Science’s Humanities Gaptags: philosophy, Science, history
Gary Gutting is a professor of philosophy at the University of Notre Dame, and an editor of Notre Dame Philosophical Reviews. He is the author, most recently, of “Thinking the Impossible: French Philosophy since 1960,” and writes regularly for The Stone. He was recently interviewed in 3am magazine.
...The disparity between philosophers’ knowledge of science and scientists’ knowledge of philosophy is even greater in the areas of philosophy of physics and philosophy of biology. In the early 20th century, most of the major philosophers of science (Morris Schlick, Hans Reichenbach and Rudolf Carnap, for example) had done advanced work in physics. Current philosophers of physics continue to have a high professional level of training in physics, with many even publishing in physics journals. Philosophers of biology like David Hull have been similarly well versed in that discipline.
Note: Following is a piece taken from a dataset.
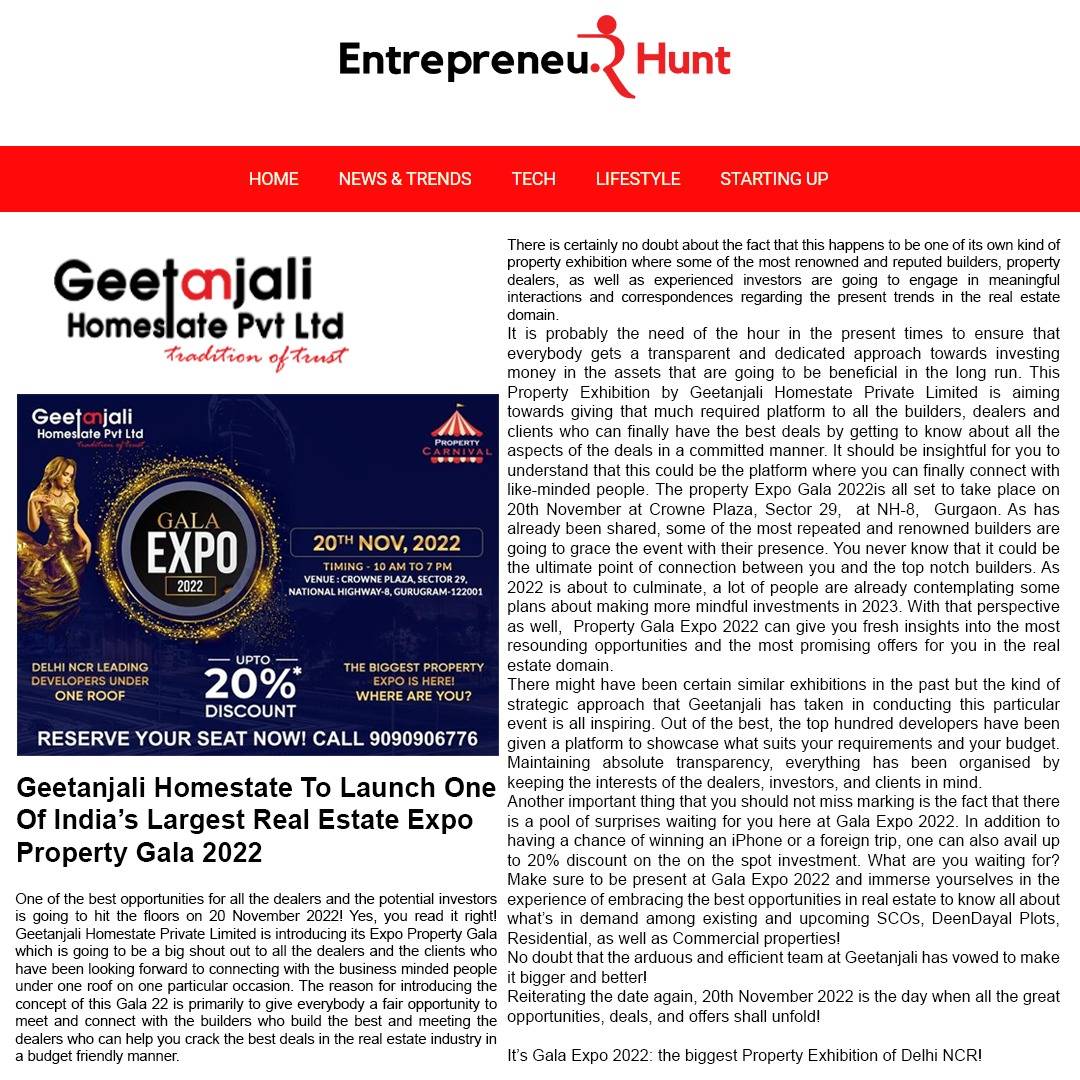 Geetanjali Homestate to launch one of Indiaâ€™s largest Real Estate Expo Property Gala 2022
Historians of science are also immersed in the areas of science they study. Graduate programs in the discipline typically expect strong undergraduate majors or even a master’s degree in a particular science, and often require further advanced scientific work. Thomas Kuhn, the most influential historian of science ever, had a doctorate in physics from Harvard. By contrast, few current scientists do serious work in the histories of their discipline.
Social scientists have also been far more open than natural scientists to history and other humanistic disciplines, and there are many examples of fruitful interdisciplinary interactions in the area of social science history. Geography, in particular, has emerged as a thoroughly interdisciplinary study, combining natural science with both social scientific and humanistic studies....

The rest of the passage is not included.